Exercise brief — Retype exactly the lines below, starting with the line that contains "chiosco 1912 lombardia" and ending with the last line; leave out any pictures.

Data for this task —
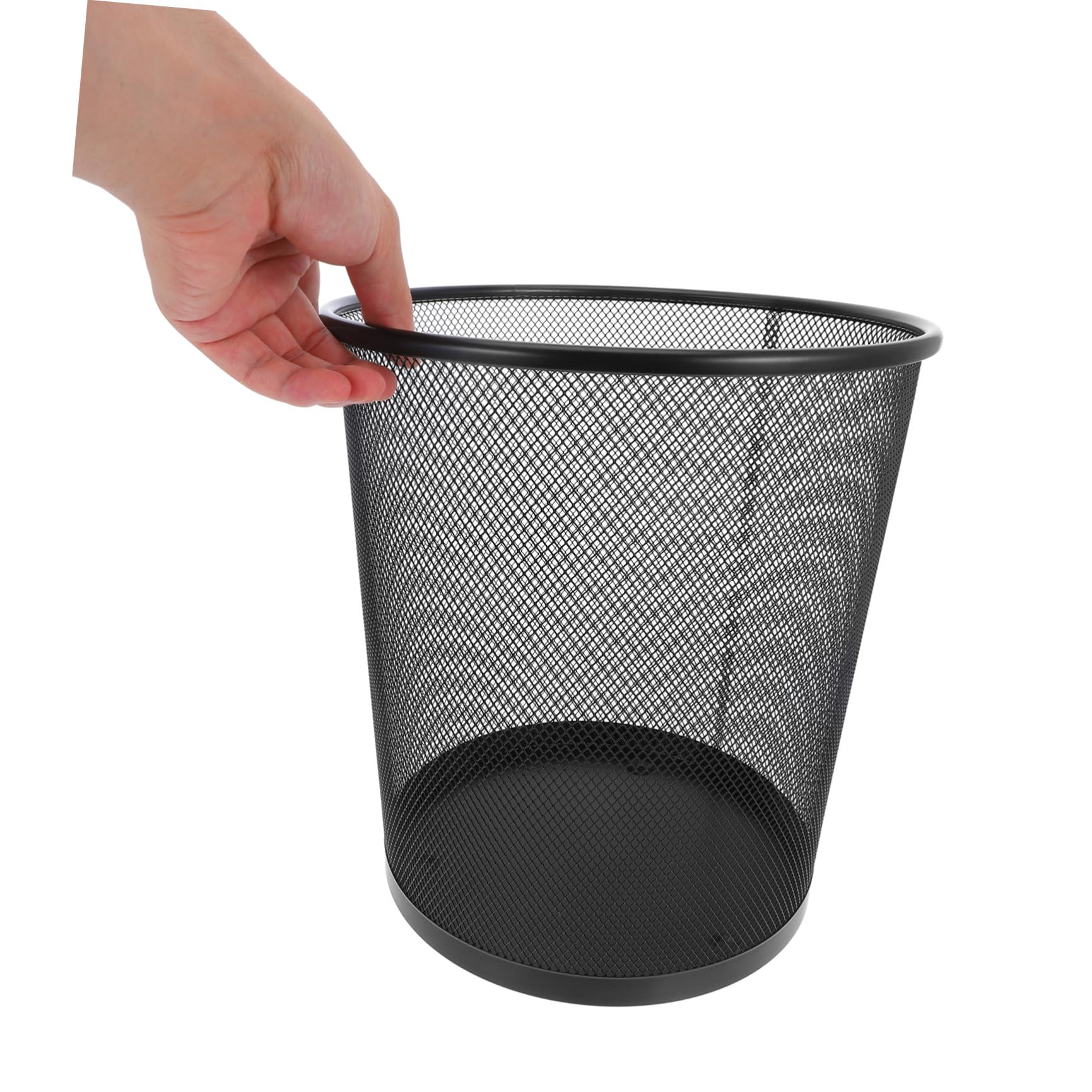 OUNONA 5 Piezas Cubo de Basura Redondo Negro de 9 L Estructura de Malla Transpirable y Fácil de Limpiar, Adecuado para Espacios Compactos y Debajo de Escritorios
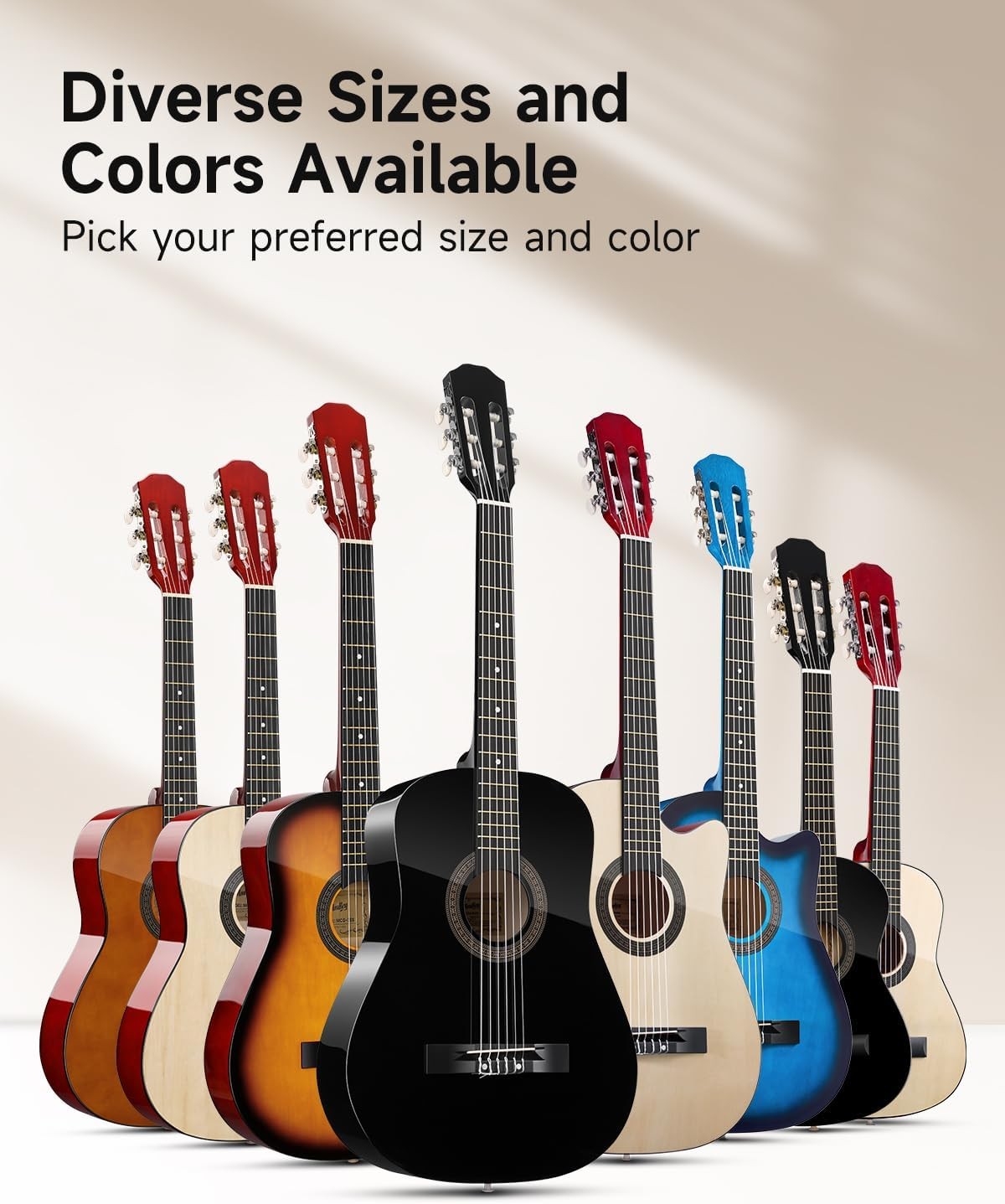 38" Blue Acoustic Guitar Kit Cutaway Nylon Strings w/ Bag & Tuner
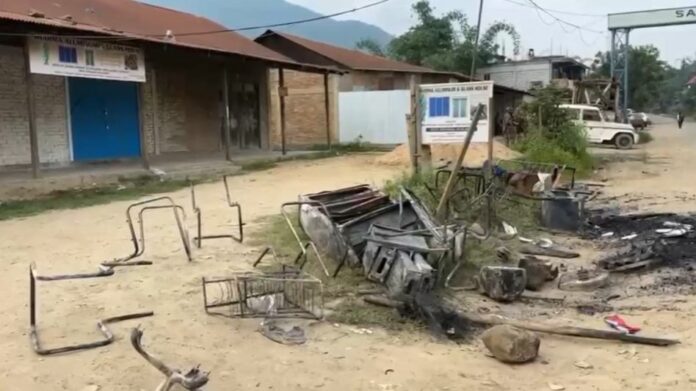 NPF Headquarters in Manipur’s Senapati District Vandalised Amid Outrage Over Killing of Six Naga Civilians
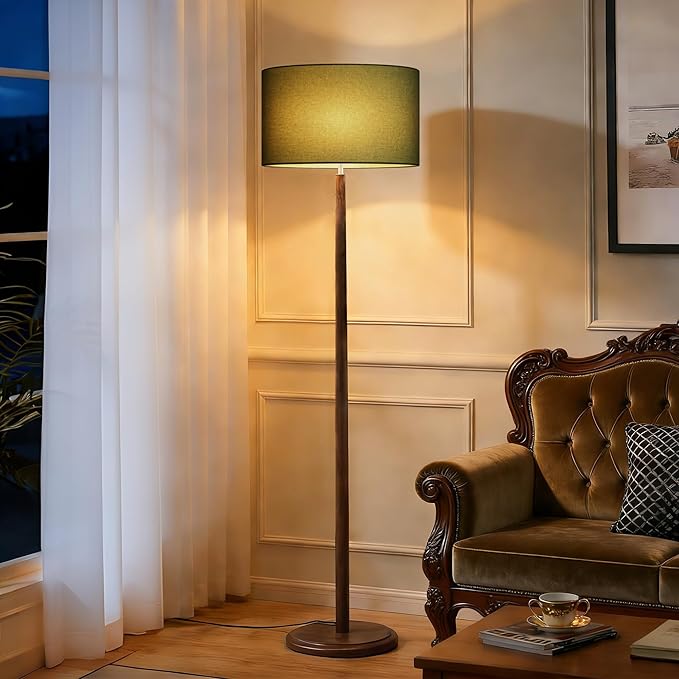 61" Rustic Walnut Wood Floor Lamp for Living Room, Retro Farmhouse Tall Lamp for Bedroom, Mid Century Standing Lamp with Linen Shade for Home Corner, Office, Dining Room, Bulb not Included, Green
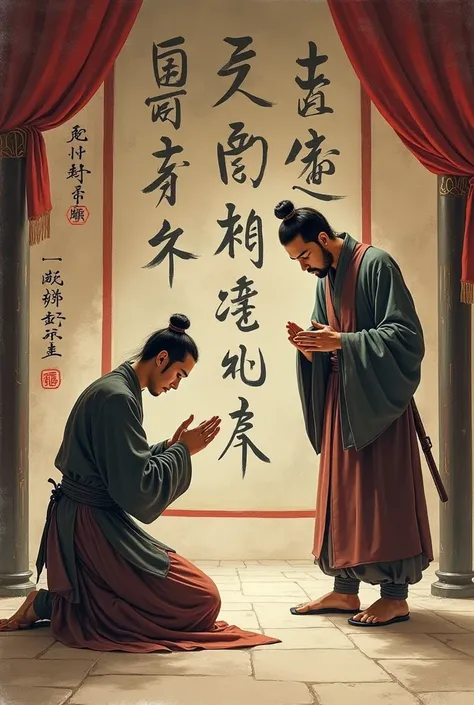  A humble jailer kneels to the ground floor ,  bowed deeply before the calligraphy craftsman .  His hands clasped in front ,  looking full of gratitude and reverence ."

Decomposition 2 :  Handles the letter
eastern feudal era vietnam 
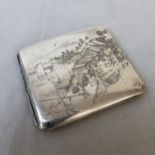A Japanese silver niello type cigarette case, etched with traditional boating village scenes, 92.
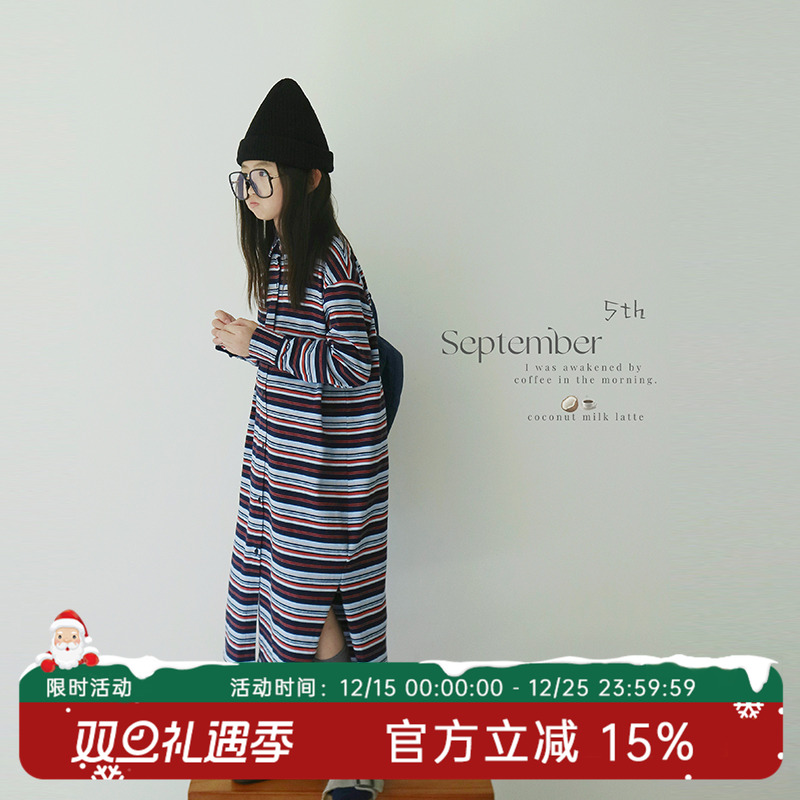 间条衬衫亲子装蓝红间条长款衬衫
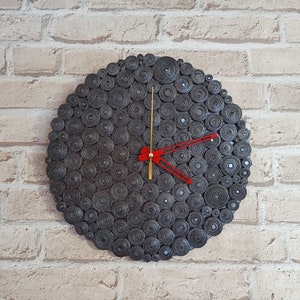 Handmade wall clock made of paper and glass Circle handmade wall clock Round clock Home decor Glass inlaid wall clock Stylish wall watch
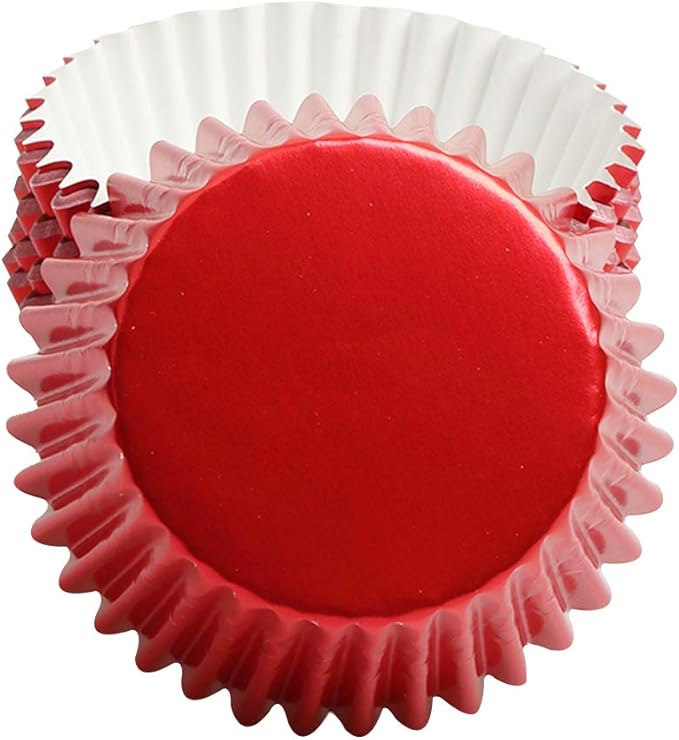 Red-Foil Cupcake Liners Standard Baking Cupscake For Wedding Baby shower Birthday Party(Pack of 100) ??"<div>
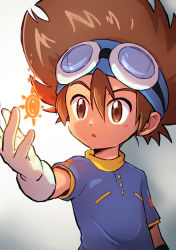 Rule 34 | 1boy, absurdres, brown eyes, brown hair, child, commentary request, digimon, digimon adventure, fantasy, floating, floating object, gloves, glowing, goggles, goggles on head, highres, looking at object, magic, male focus, mmsnowf2, open mouth, shirt, short hair, short sleeves, simple background, yagami taichi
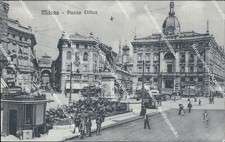 cd303 cartolina  milano citta' piazza elitica tram chiosco 1912 lombardia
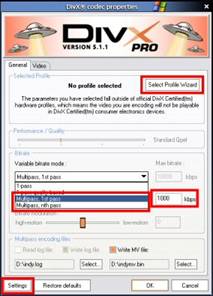 DivX 5.1.1 asetukset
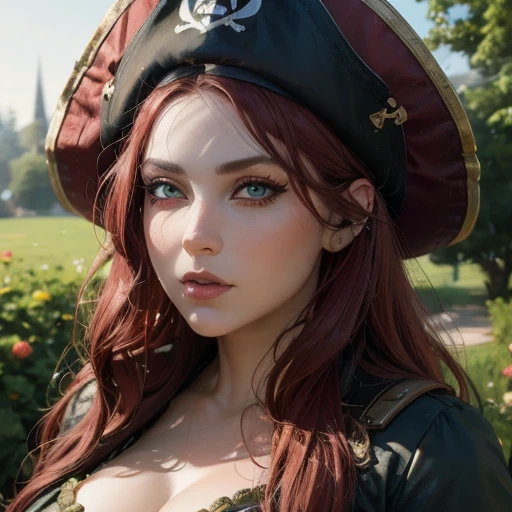 Pirate girl, silky red hair, green eyes, pirate outfit, pirate hat, fair skin, curvy body, lawn, beautiful detailed eyes, beautiful detailed lips, extremely detailed face and eyes, long eyelashes, high quality, 8k, realistic, photorealistic, masterpiece, ultra-detailed, physically-based rendering, professional, vivid colors, warm lighting, soft focus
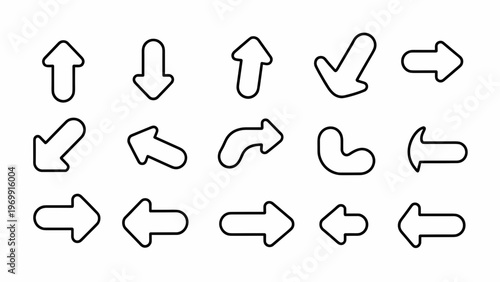 Minimal Navigation Arrow Line Icon Set  Clean Directional UI Symbols Collection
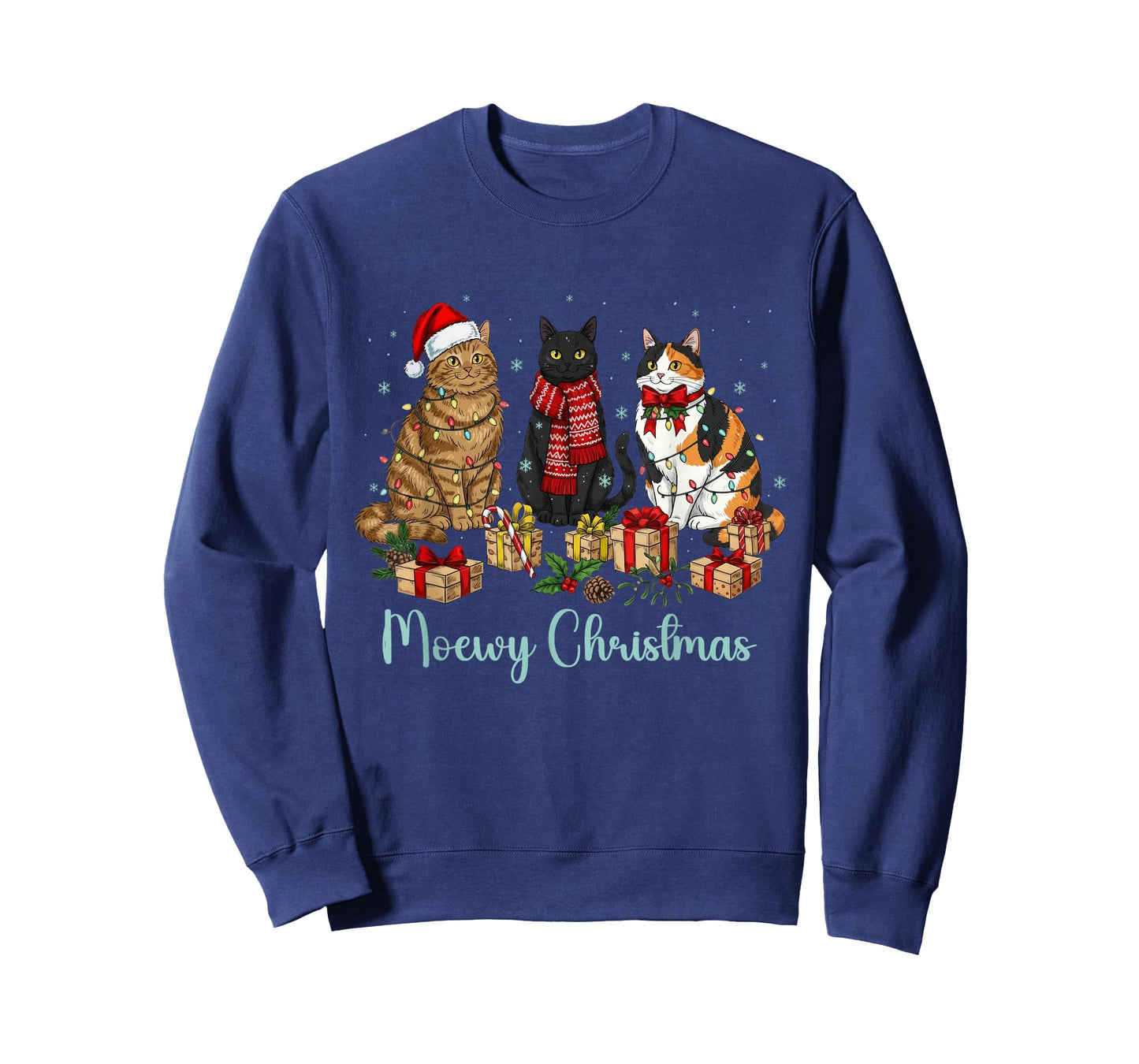 Moewy Christmas Cute Cat Santa Hat Xmas Women Girl T-Shirt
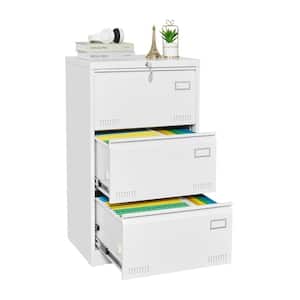 3-Drawer White 24 in. H x 40 in. W x 17.7 in. D Metal Mobile File Cabinet with Rolling Casters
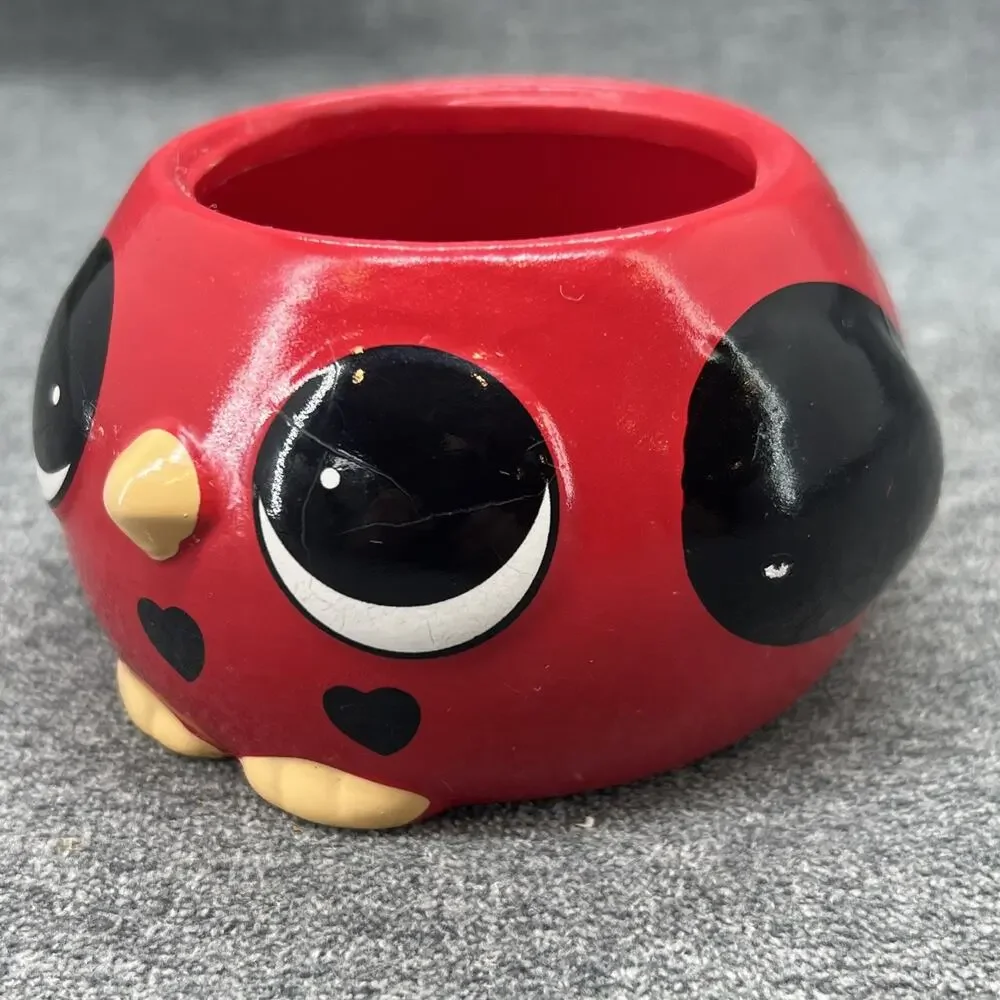 Succulent Planter Red Love Bird Big Eyes Rocket Farms Kitschy Cute Round Plants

Task response —
 cd303 cartolina  milano citta' piazza elitica tram chiosco 1912 lombardia
 DivX 5.1.1 asetukset
 Pirate girl, silky red hair, green eyes, pirate outfit, pirate hat, fair skin, curvy body, lawn, beautiful detailed eyes, beautiful detailed lips, extremely detailed face and eyes, long eyelashes, high quality, 8k, realistic, photorealistic, masterpiece, ultra-detailed, physically-based rendering, professional, vivid colors, warm lighting, soft focus
 Minimal Navigation Arrow Line Icon Set  Clean Directional UI Symbols Collection
 Moewy Christmas Cute Cat Santa Hat Xmas Women Girl T-Shirt
 3-Drawer White 24 in. H x 40 in. W x 17.7 in. D Metal Mobile File Cabinet with Rolling Casters
 Succulent Planter Red Love Bird Big Eyes Rocket Farms Kitschy Cute Round Plants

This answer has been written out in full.